Une analyse d’IRIN en fin novembre 2015 dans Unsustainable Development Goals: Are 222 indicators too many? s’interroge sur le grand nombre d’indicateurs. Avec une pointe d’humour, on y lit ce qui suit : “Je ne m’imagine pas allant au ministère des finances ou de la planification avec une liste de plus de 200 indicateurs à actualiser par trimestre ou par an sans paraître ridicule.“

Au bilan des OMD selon CARE FRANCE OMD-objectifs-millenaire-developpement-bilan , quelques avancées sont notées dans la réduction de la pauvreté, lutte contre le paludisme et la tuberculose, l’accès à l’eau potable. Des progrès limités existent pour la plupart des objectifs, notamment en les observant par région/pays, l’Afrique subsaharienne présentant toujours les plus grands retards (éducation et santé maternelle).

De nombreux défis restent à relever. En premier lieu la gouvernance, la justice et la migration qui ont été négligées dans les OMD. On a aussi les sujets émergents tels que les changements climatiques, l’insécurité financière et économique, la multiplication des zones de conflit et plus particulièrement le terrorisme. Pour avoir un résumé du bilan des OMD, consultez OMD-Rapport global 2015 ou pour lire le rapport complet, allez au lien Rapport-2015.

Importants appuis de la communauté internationale, difficile traçabilité de l’utilisation des fonds, résultats tout au plus mitigés au cours des OMD, etc., y a-t-il des raisons d’espérer un meilleur sort pour le prochain agenda de développement en Afrique, quelque soit d’ailleurs son contenu ? Il faudrait un réel sursaut patriotique de la part des gouvernants africains qui devront davantage donner libre cours à l’expression des génies nationaux pour l’intérêt de tous. Cesser de considérer le développement comme un gâteau tout prêt à manger et autour duquel il y a bataille de positionnement pour avoir la meilleure part, voire faire des réserves inconsidérées, et admettre qu’il s’agit plutôt d’un gâteau à composer pour nourrir le plus grand nombre est un impératif à atteindre en Afrique. Si l’Afrique se réveille, il ne sera plus question de choisir des ingrédients de mauvaise qualité qui vont réduire tant la quantité que la qualité du gâteau attendu, juste parce que les gouvernants veulent « faire la recette » à des proches ou à des amis, ni fermer les yeux lorsqu’un commis de l’État chargé de faire des achats dissimule une partie des fonds, et encore moins laisser les boulangers experts pour privilégier, quelles que soient les raisons, des boulangers apprentis, médiocres ou qui ne peuvent plus tenir longtemps devant un four ! C’est une vigilance de tous les instants que doit prendre véritablement en main le peuple entier transformé très souvent en dindon de la farce . Si cette vigilance prend corps, on tendrait alors vers une réelle démocratie (pas à l′africaine !).
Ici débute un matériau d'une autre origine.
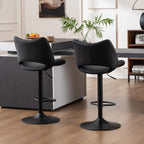 Bar Stools Modern Breakfast Barstools with Open Backrest (Set of 2)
Malheureusement le triste débat qui a cours çà et là en Afrique portant uniquement sur la lutte pour le pouvoir en dépit des conditions de vie des populations parfois en deçà de l’acceptable ne permet pas d’être optimiste dans le moyen terme. Ce pessimisme est renforcé par le peu de contribution africaine aux réels débats au tour des objectifs de développement. Nous reviendrons dessus, car quoi qu’on en dise les ODD comme les OMD n’ont pas connu dans leur élaboration un intérêt particulier chez les Africains dont on peut se demander s’ils ont conscience des enjeux en cours. Comment dès lors s’étonner que les documents publiés ne servent tout au plus que comme un moyen pour moissonner quelques fonds – vite dilapidées - au niveau international. Une appropriation de l’agenda commun nécessite que chaque État reprenne tous les points soulevés pour se projeter en fonction des conditions locales, de la vision nationale, des politiques en cours et à venir, car forcément les objectifs communs à atteindre ne sont que des moyennes apparaissant hautes pour certains états et basses pour d’autres. En conséquence les ODD doivent être traduits en ODD nationaux bien intégrés dans les plans de développement qui sont les cahiers de charge des gouvernants, acteurs socioéconomiques/politiques et de la société civile condamnés à travailler de concert.